Thursday, August 02, 2012

8.2.12 BANG ON THAT CAN


This article originally appeared in the 8.2.12 issue of Metroland

For the past five years, the New York new music group Bang On A Can’s residency-ending Marathon at Mass Moca has been a personal blissfest, a highlight of my summer, the one thing I block out as soon as it’s announced and won’t miss unless there’s a damn serious act of God happening.  I needed it bad this year and didn’t get what I needed.  Some important ju-ju was missing.

            It started great enough, with powerful soprano Mehgan Ihnen singing into the guts of a miked grand piano at the top of George Crumb’s Ancient Voices of Children.  The effect of the resonating strings over her voice and the small percussion-heavy ensemble was—as it was supposed to be—surreal and beautiful.  And things kicked up a notch at the end when Christopher Howard, a young, tow-headed boy soprano, joined her singing into the piano.  The piece was marred only by a persistent and annoying low hum that permeated the room and was quite noticeable on the quieter works throughout the day.  This was one of the several things didn't work right.

            Another was that the raised stadium seating was missing; instead the seats were laid out on the flat floor.  This made watching the 16 pieces by 16 different ensembles a lot less enjoyable—there were inevitably heads and music stands in the way and the bird’s eye view from the risers is infinitely superior to looking up. 

            So it made it hard to see who was doing what during, for example,  Lou Harrison’s Violin Concerto, a work for violin and five percussionists.  Every one, that is, but the great Todd Reynolds, who does what he does, which is to play brilliant, heroic violin, full of grace and bravado.  But the percussionists, who were all working overtime, were heard more than seen.

            About halfway through I realized that the program was strangely straight for a BOAC Marathon.  There were no laptops onstage, no newly-invented instruments, nothing amplified much except for the occasional electric guitar.  And no exotic foreign musicians with unpronounceable names rocking out on strange indigenous instruments with unpronounceable names.  There was a total lack of the silliness and fun, stuff that punctuated past Marathons.  The whole 6 hours was disappointingly redolent of new music orthodoxy.

            Not that it wasn’t a great and wonderfully played show, honoring the  composer Steve Reich, who was hanging out all day around the soundboard in his trademark khaki work clothes.  The show just lacked the wonder and joy of the other Marathons.  And those occasional leaps into the strange and funny and flippant serves an important purpose—they give the brain an opportunity to decompress and rejuvenate after trying to process the typically demanding and challenging works.  An hour of this stuff can be rough.  Six hours can be devastating.

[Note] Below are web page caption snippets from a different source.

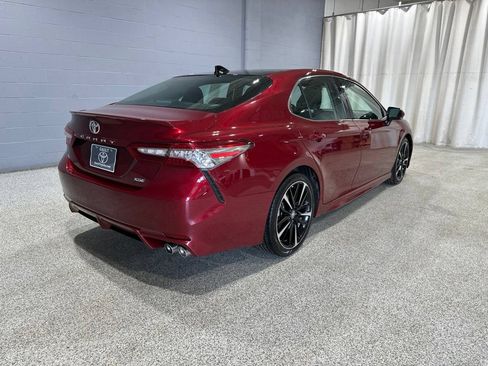 Used 2018 Toyota Camry XSE FWD image 3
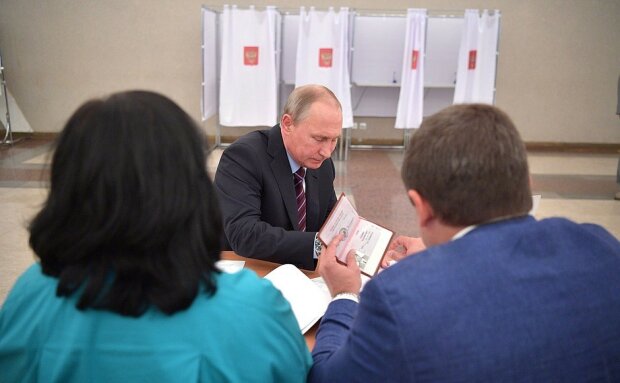 Путин готов раздавать паспорта налево и направо, чтобы увеличить количество россиян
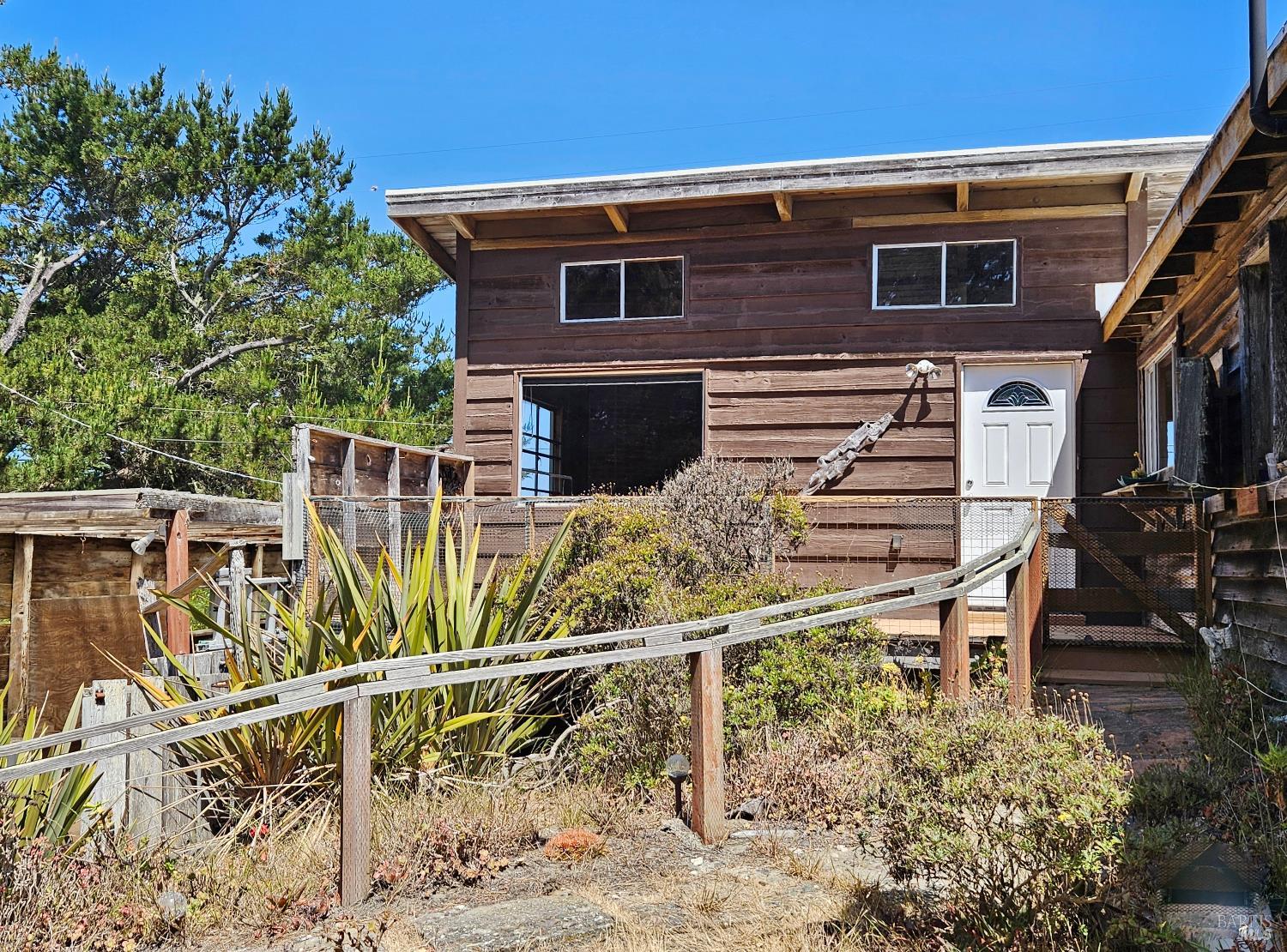 Detail Gallery Image 31 of 47 For 320 Driftwood Ave, Bodega Bay,  CA 94923 - 1 Beds | 2 Baths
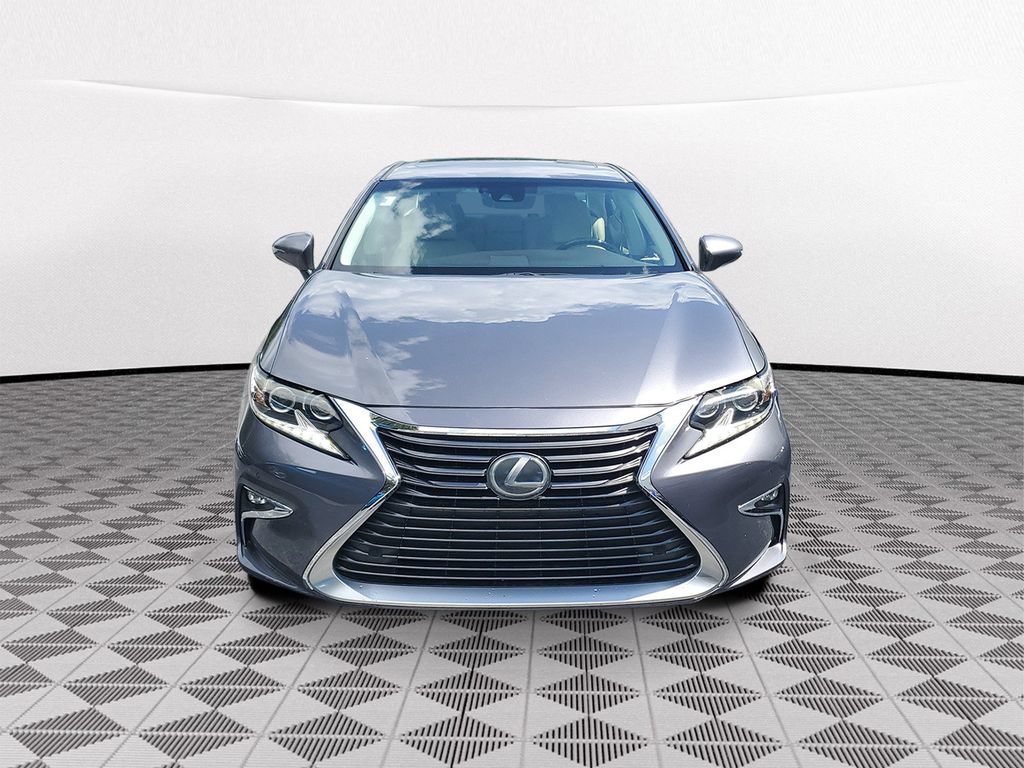 Used 2017 Lexus ES 350 FWD image 2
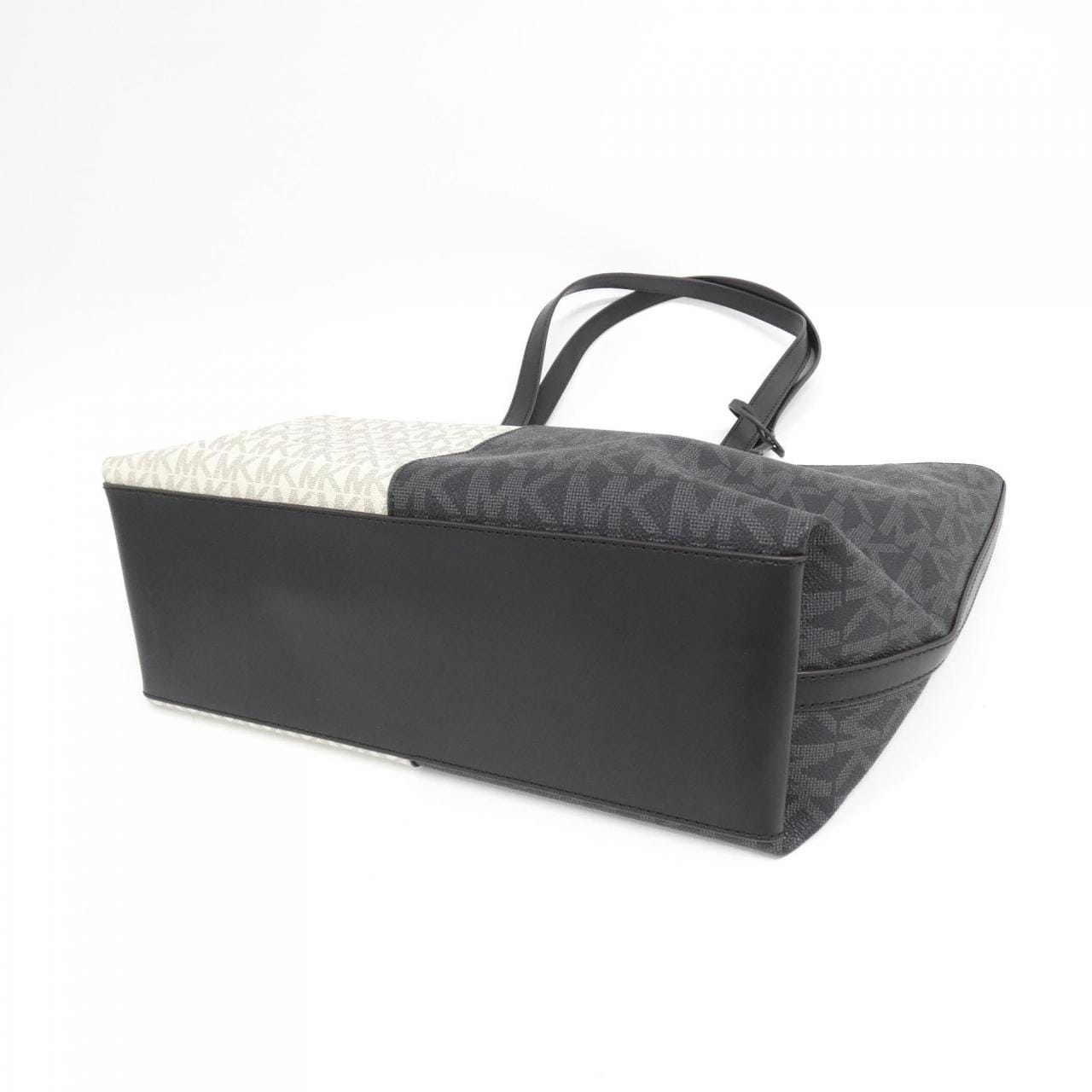 [新品] MICHAEL MICHAEL KORS JET SET TRAVEL 35F4GTVT6V 包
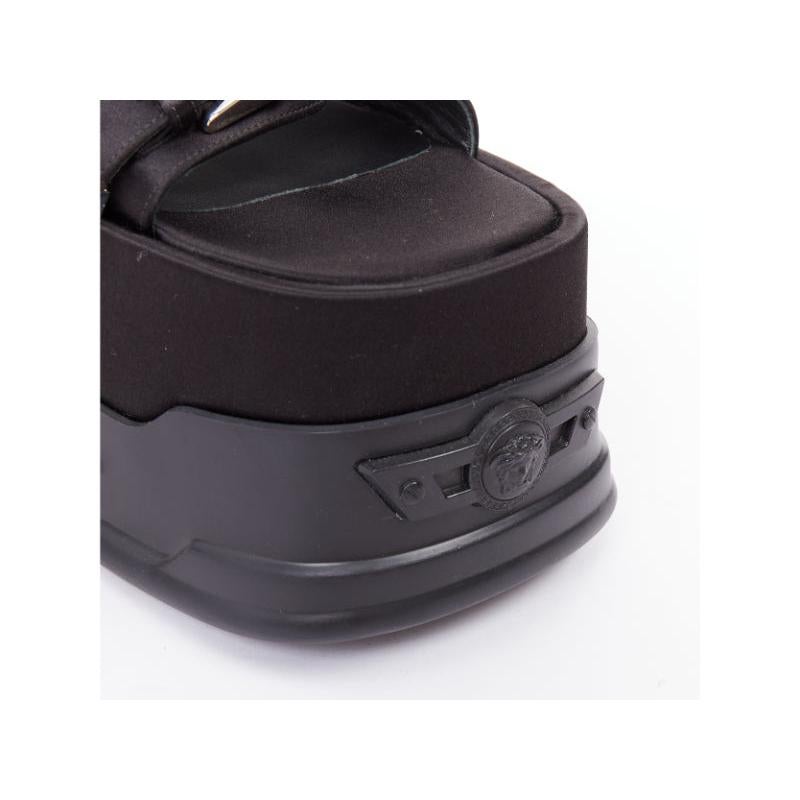 nuevo VERSACE Anthem 120 seda satinada Medusa hebilla plataforma sandalias gruesas EU37 en venta 5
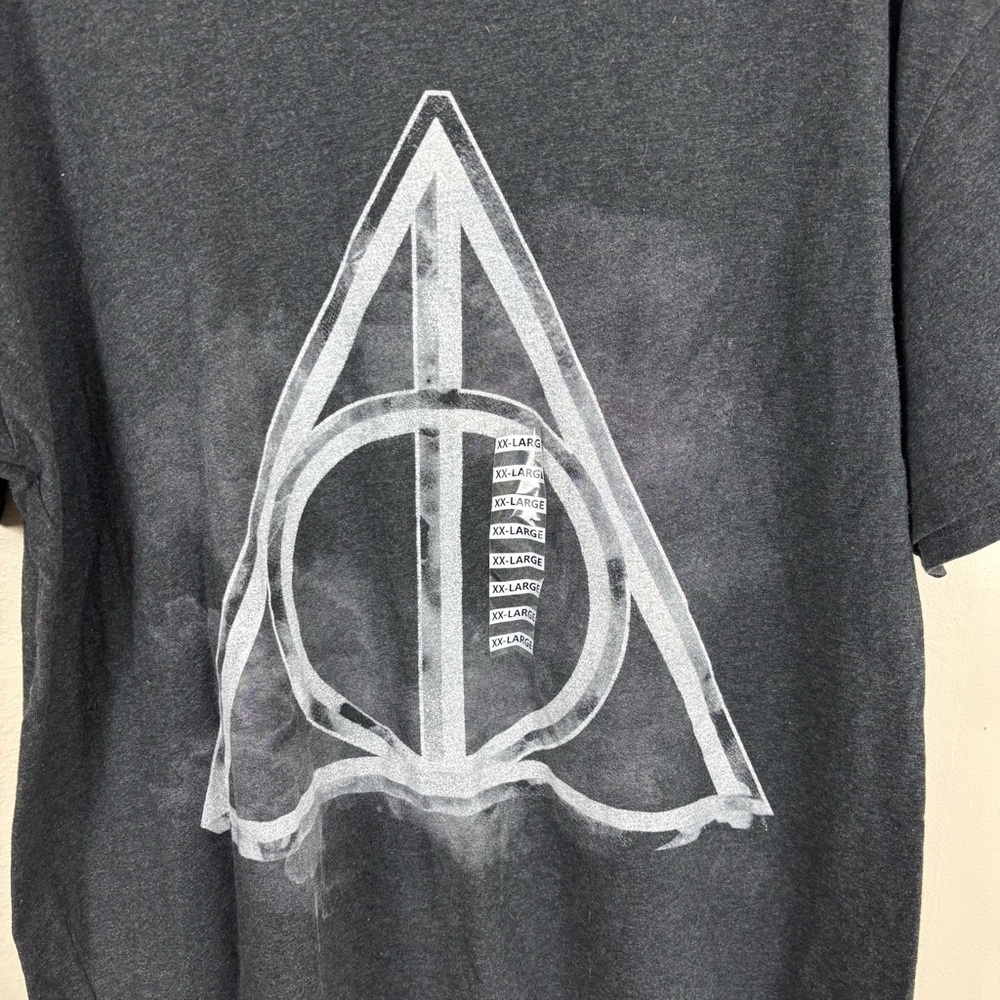 Harry Potter T-Shirt Deathly Hallows Smoky Charcoal Men’s XXL NWT Short Sleeve - Picture 2 of 6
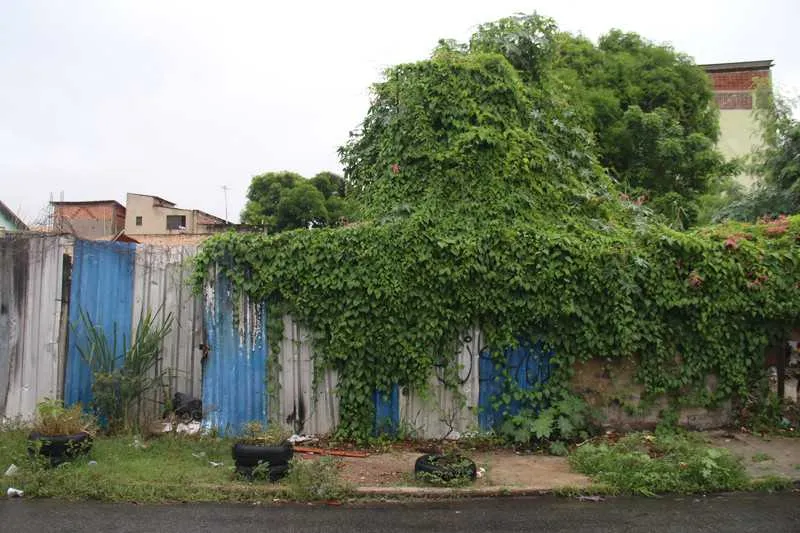 Moradores afirmam que lugar está abandonado há cinco anos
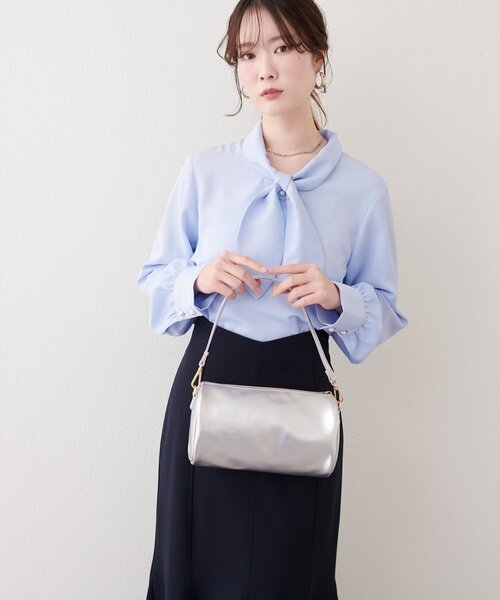 natural couture(ナチュラルクチュール)の「リボンタイパール釦ブラウス(シャツ/ブラウス・レディース・ネイビー/サックスブルー/ピンクベージュ/アイボリー/グレー・FREE)」の4枚目の写真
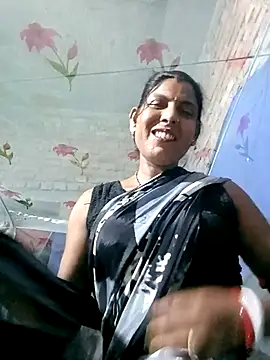 Snapshot of Savita992 chatting on 04/04/26, 01:19 Savita992 online show from 04/04/26, 01:19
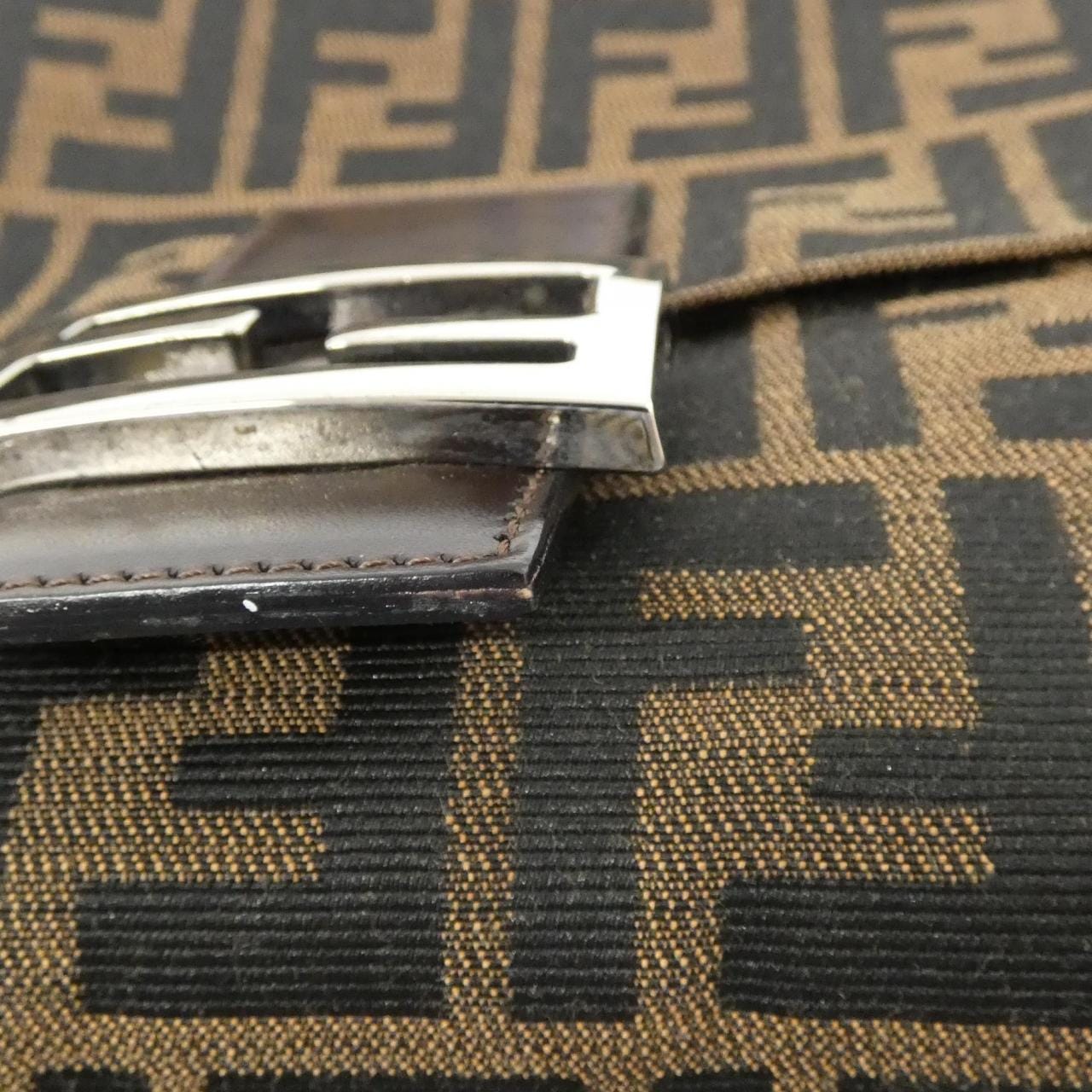 [vintage] FENDI Mamma Baguette 26325 单肩包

            Asking around, I learned that BOAC regulars Mark Stewart and Evan Ziporyn had other commitments and couldn’t make this year’s Marathon.  Ziporyn usually supplies the exotica and Stewart is the pied piper into the realm of play.  Then, the Eastern European musicians that turned up turned out to be classically trained string players!  D'oh!   There was no conscious effort to ramp down the program, I was told, it just sort of happened.  Oh, and the floor seating was done to accommodate Wilco, who were arriving the next day.

            Thank you, Jeebus.  Already counting the days until next year.